FICO's flawed but fabulous rocket power.
The smart folks at PeerIQ pointed out an interesting dynamic relevant to the marketplace/online lending sector: consumers’ FICO scores are at an all-time high, despite rising delinquencies on auto, student and personal loans. See below for their take on what’s going on (hint: FICO’s got problems). Meanwhile, the stock of Equifax, which offers several FICO products, is crushing the S&P 500 this year and was featured recently on CNBC’s Mad Money. Maybe in a future post, PeerIQ can explain why FICO-fueled firms are doing so well if FICO scores are so flawed.
COMINGS AND GOINGS
Crown changes heads at one of London's biggest fintech firms.

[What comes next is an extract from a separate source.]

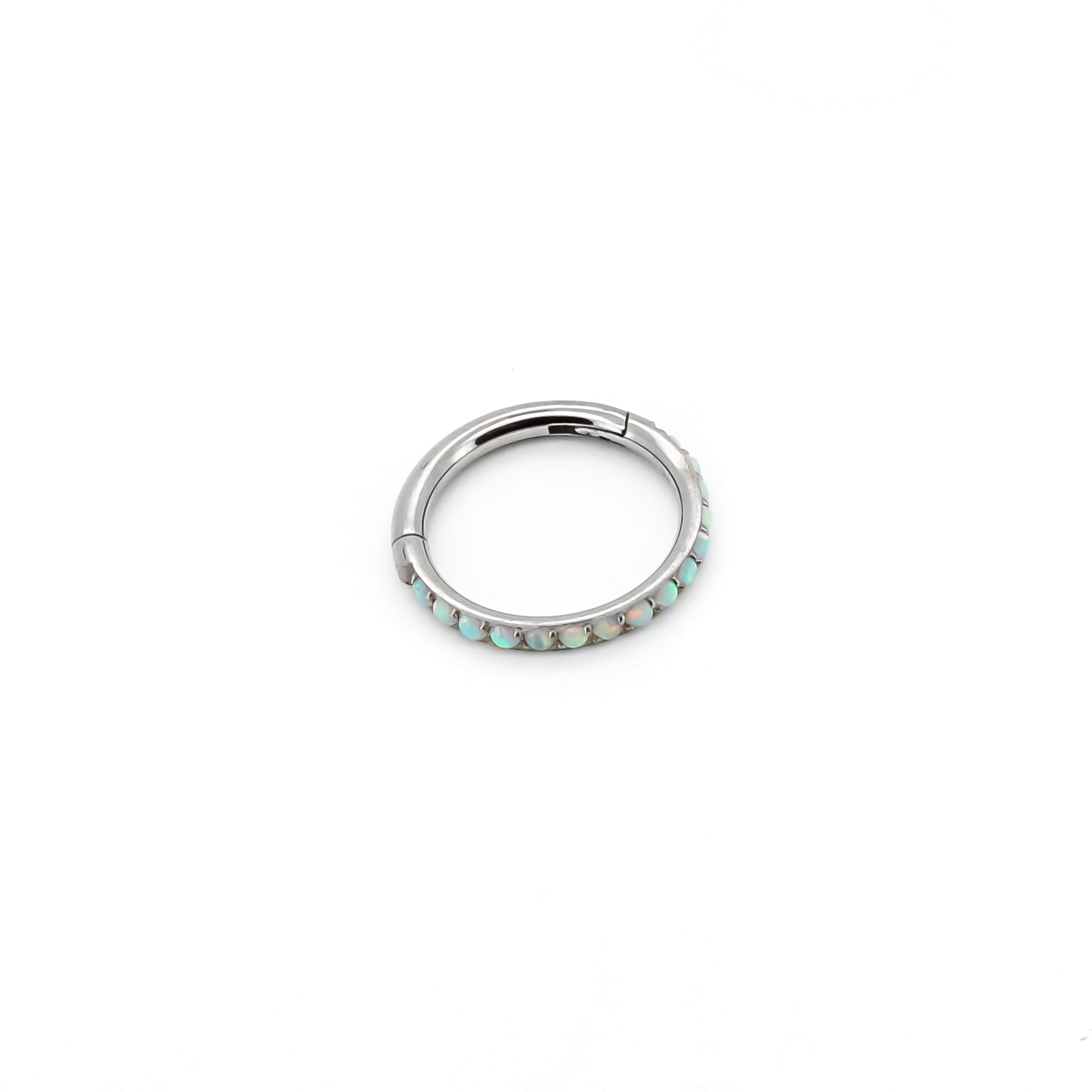 Opal clicker ring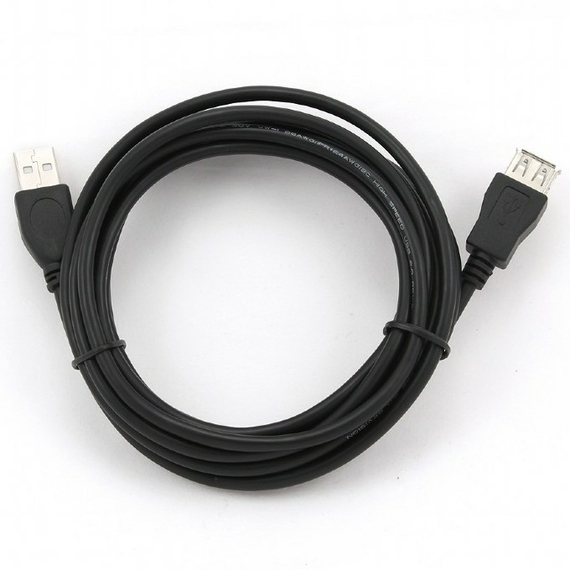 Cablu prelungitor Cablexpert CCP-USB2-AMAF-10, USB Type-A (M)/USB Type-A (F), 3m, Negru, 2 image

Taavet Hinrikus will be stepping down as CEO of UK-based Transferwise, just months after he said he would relocate the company’s HQ to the EU mainland. While this fits the Brexit doomsday scenarios of fintech start-ups fleeing the UK, new financings by Receipt Bank, Soldo, Tide, Curve and Revolut demonstrate that Britannia remains fertile fintech ground.
COMPANY OF NOTE
Silvernest is one of several home-sharing platforms connecting homeowners with roommates. But what’s distinctive about the Denver-based company is that it’s riding multiple powerful trends affecting the US economy. According to CEO and co-founder Wendi Burkhardt, the typical homeowner who posts a room for rent on Silvernest is a female baby boomer, often unmarried, who finds herself long on spare rooms and short on companions. Renters, meanwhile, average 40 years old and are looking for an economical place to live in desirable US areas. With 50% percent of baby boomers having saved less than $100,000 for retirement (PwC) and the cost of aging skyrocketing, it’s easy to see why an empty nester would wish to turn an extra room into an income source. The acute problems for a generation who didn’t grow up meeting people online, though, relate to the understandable concerns over renter trustworthiness and safety. Enter Silvernest, which emphasizes a background and diligence check as core to its offering. “Several studies by AARP show that living in isolation can be more hazardous to one’s health than smoking 15 cigarettes per day,” said Burkhardt. “With Silvernest, homeowners and renters can rest assured in knowing that parties can come together in a way that maximizes the security of all parties involved.”
Quote of the Week
“Never get into a wrestling match with a pig. You both get dirty, and the pig likes it.”